§ **What you should do**: Exactly reproduce the lines of the listing below from the one containing "Eclair à la saucisse de choux" through the one containing "Building Photo - 121 Laurel Grove Ave". Skip the images.

——————

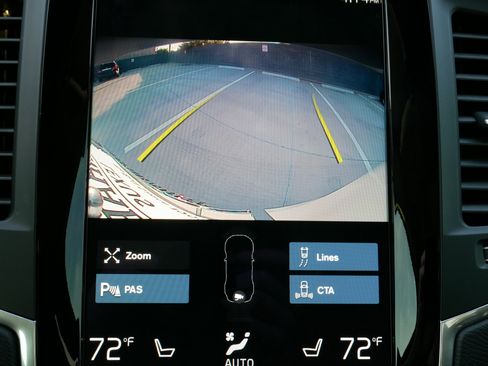 Used 2022 Volvo XC90 T6 Momentum w/ Protection Package image 36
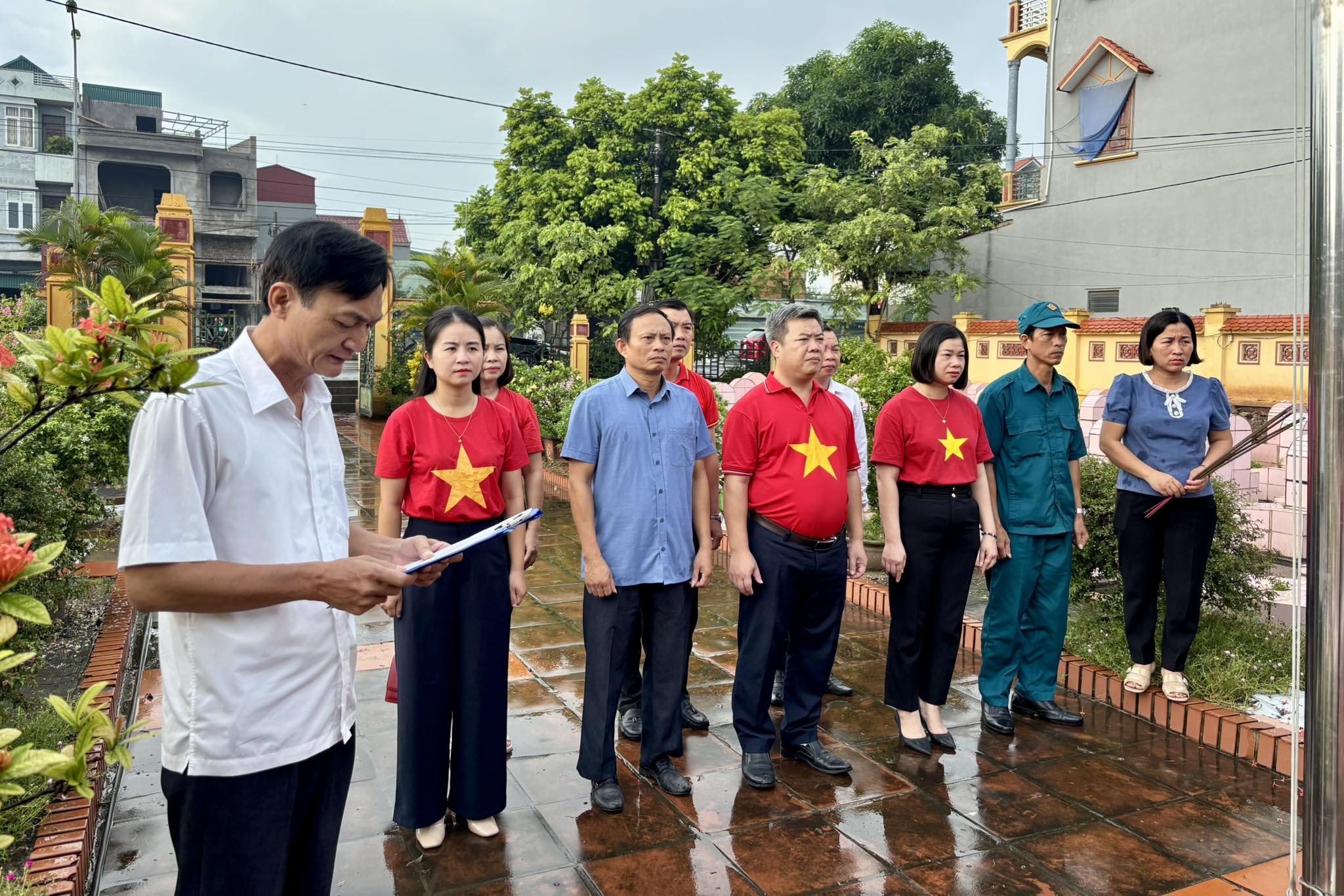 Dâng hương kỷ niệm 80 năm Cách mạng tháng Tám và Quốc khánh 02/9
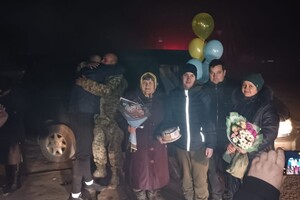 На Одещину повернулися троє звільнених із полону захисників острова Зміїний фото 2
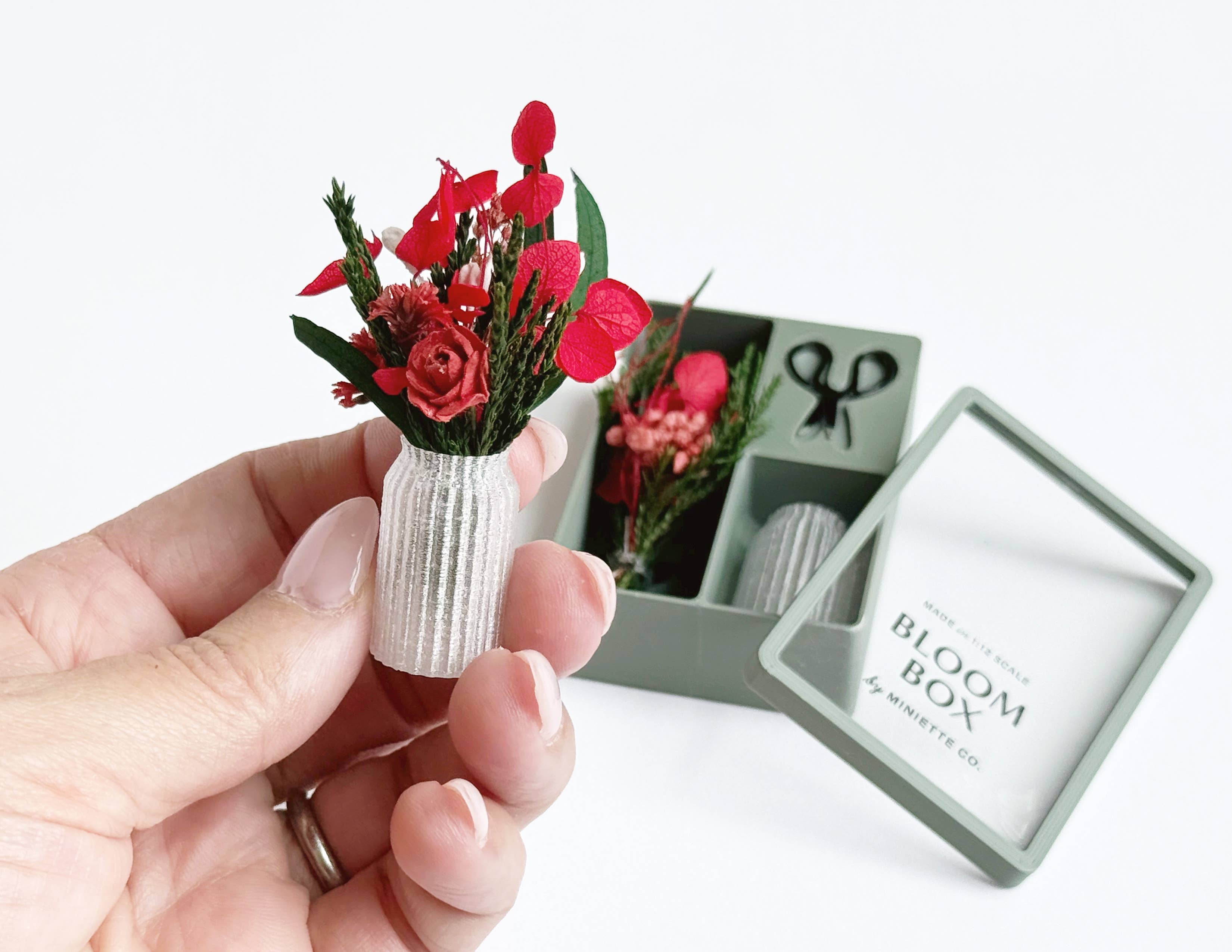 Miniette - Wholesale Dried/Pressed Flowers - Miniature Winter Holiday Bouquet Gift Box5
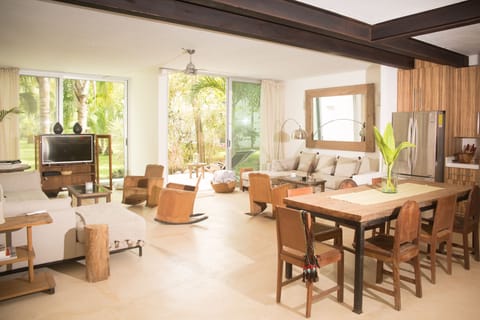 Double living room with an open kitchen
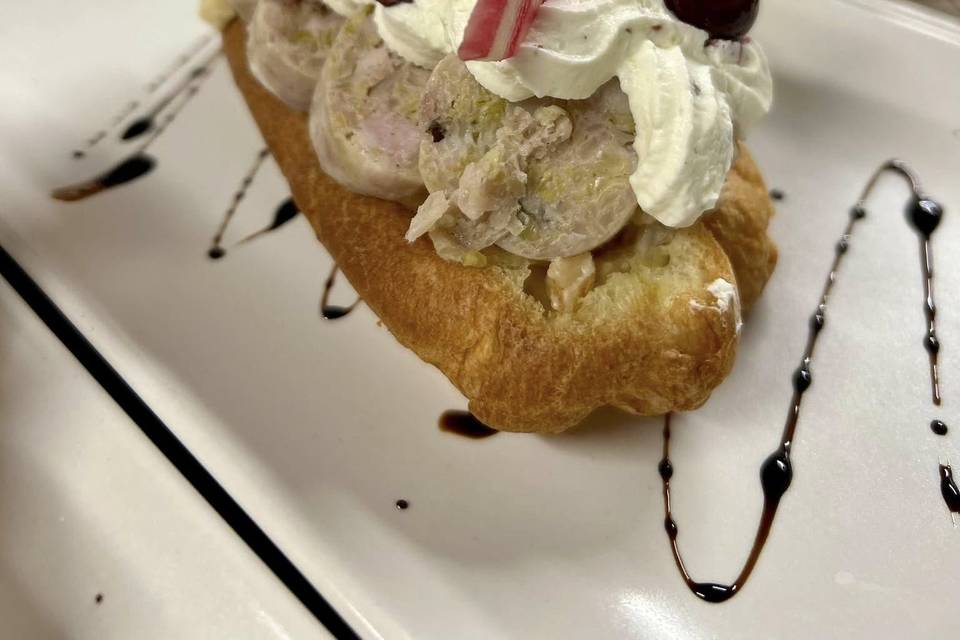 Eclair à la saucisse de choux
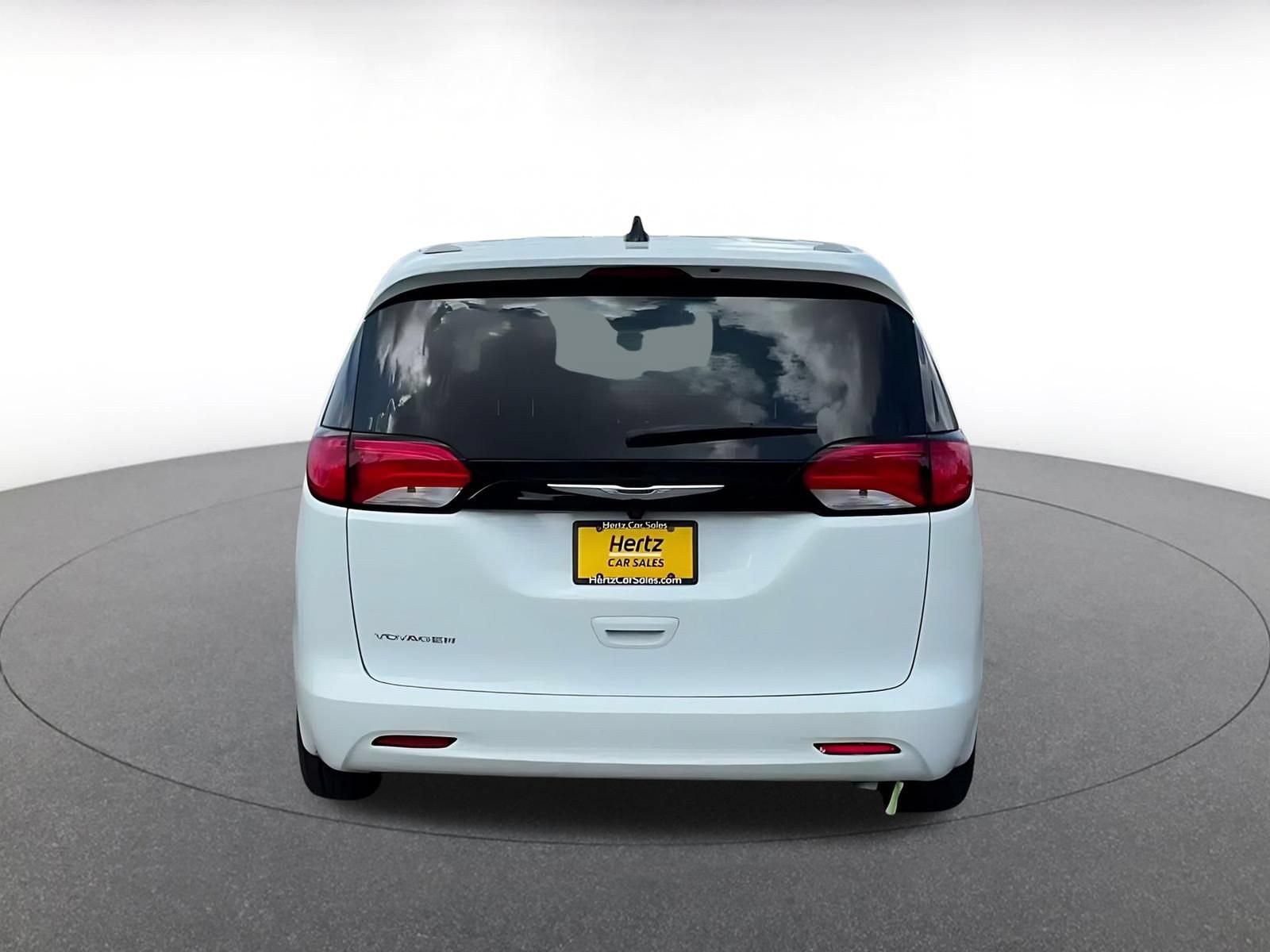 Thumbnail: 2024 Chrysler Voyager - 12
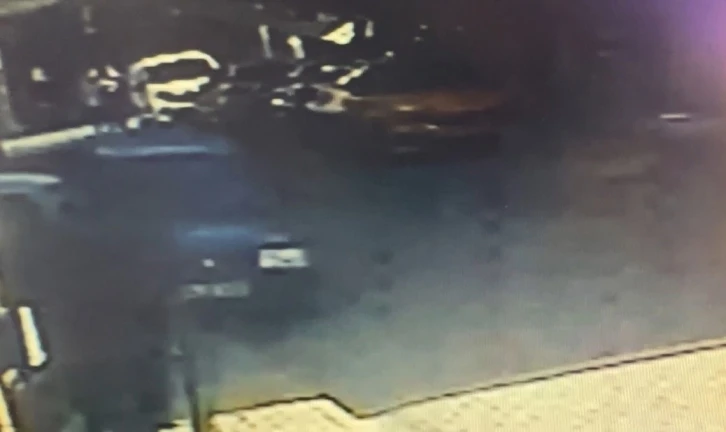 İstanbul&rsquo;da bir garip bı&ccedil;aklı kavga: Birbirlerini bı&ccedil;aklayıp alışverişe gittiler
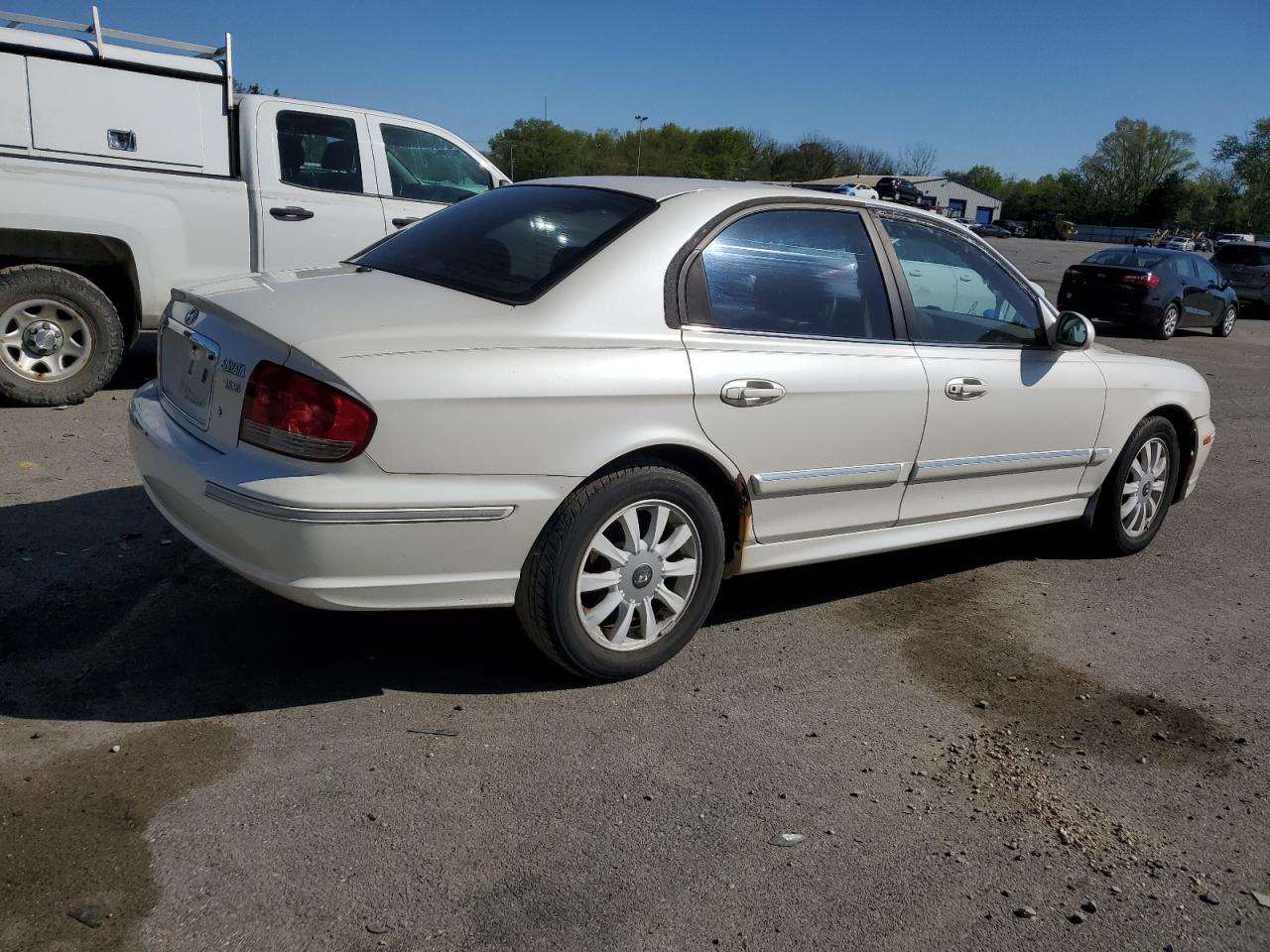 KMHWF35H72A505017 2002 Hyundai Sonata Gls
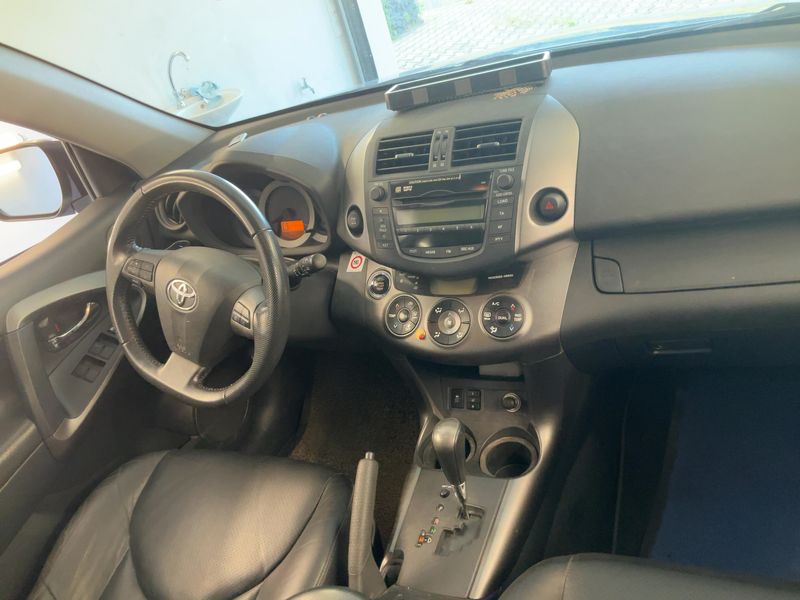Toyota RAV 4 2.2 D-4D Executive 2010 – снимка 17
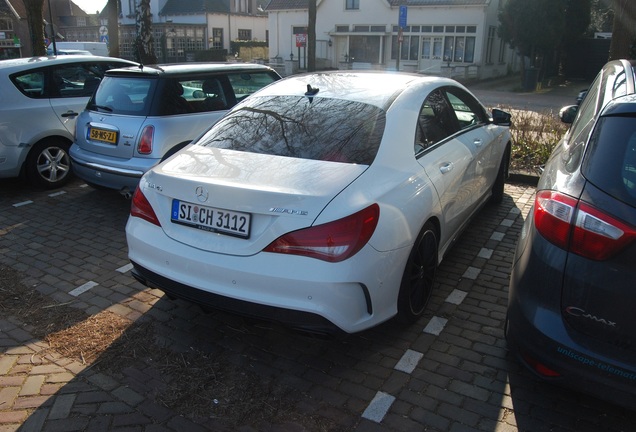 Mercedes-Benz CLA 45 AMG C117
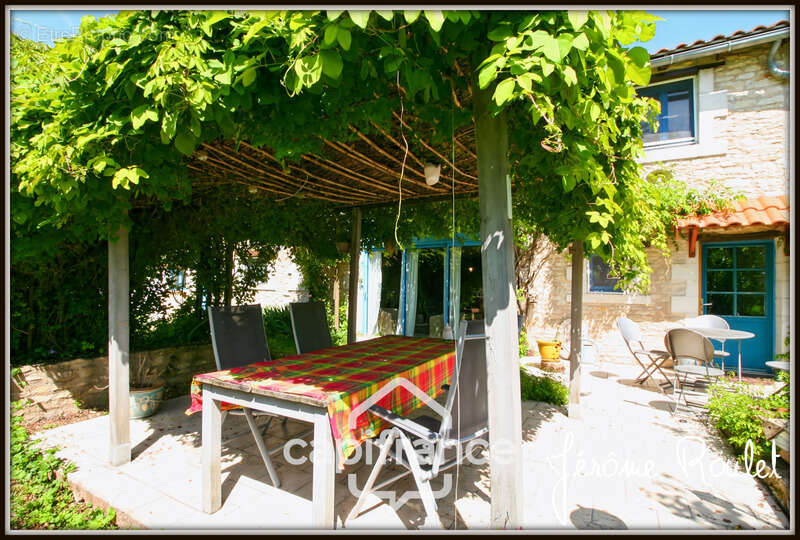 Maison à CHAMPIGNY-LE-SEC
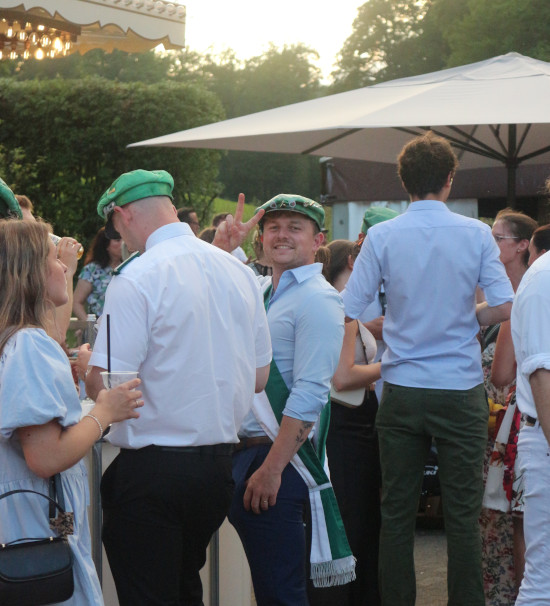 Publikum auf dem Festplatz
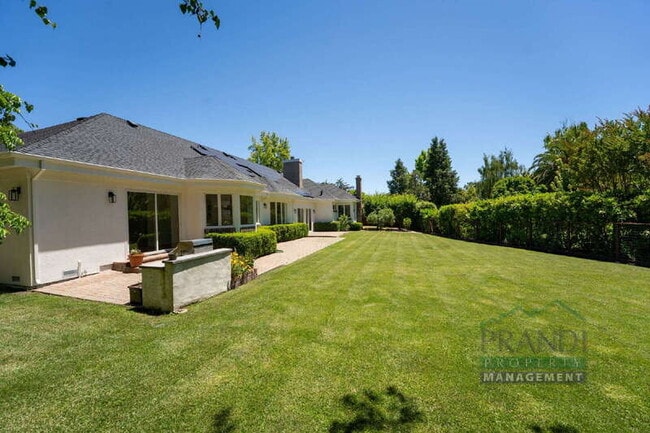 Building Photo - 121 Laurel Grove Ave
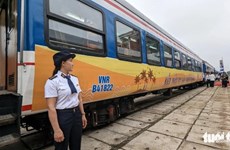 Vietnam develops railway tourism associated with “awakening” heritage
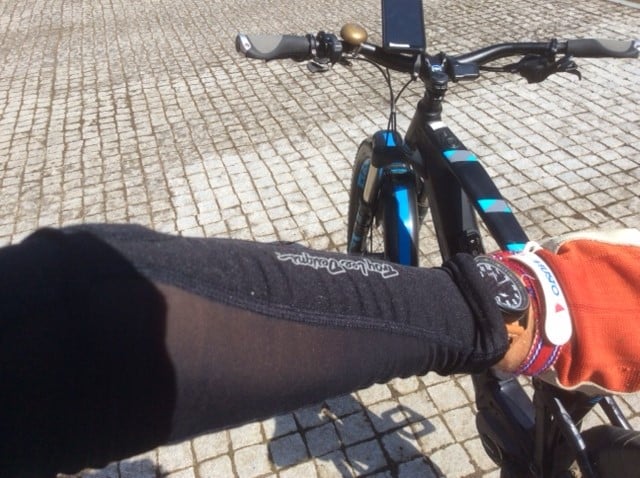Troy Lee arm sleeves.JPG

——————

§ **Answer for this exercise**:
 Eclair à la saucisse de choux
 Thumbnail: 2024 Chrysler Voyager - 12
 İstanbul&rsquo;da bir garip bı&ccedil;aklı kavga: Birbirlerini bı&ccedil;aklayıp alışverişe gittiler
 KMHWF35H72A505017 2002 Hyundai Sonata Gls
Toyota RAV 4 2.2 D-4D Executive 2010 – снимка 17
 Mercedes-Benz CLA 45 AMG C117
 Maison à CHAMPIGNY-LE-SEC
 Publikum auf dem Festplatz
 Building Photo - 121 Laurel Grove Ave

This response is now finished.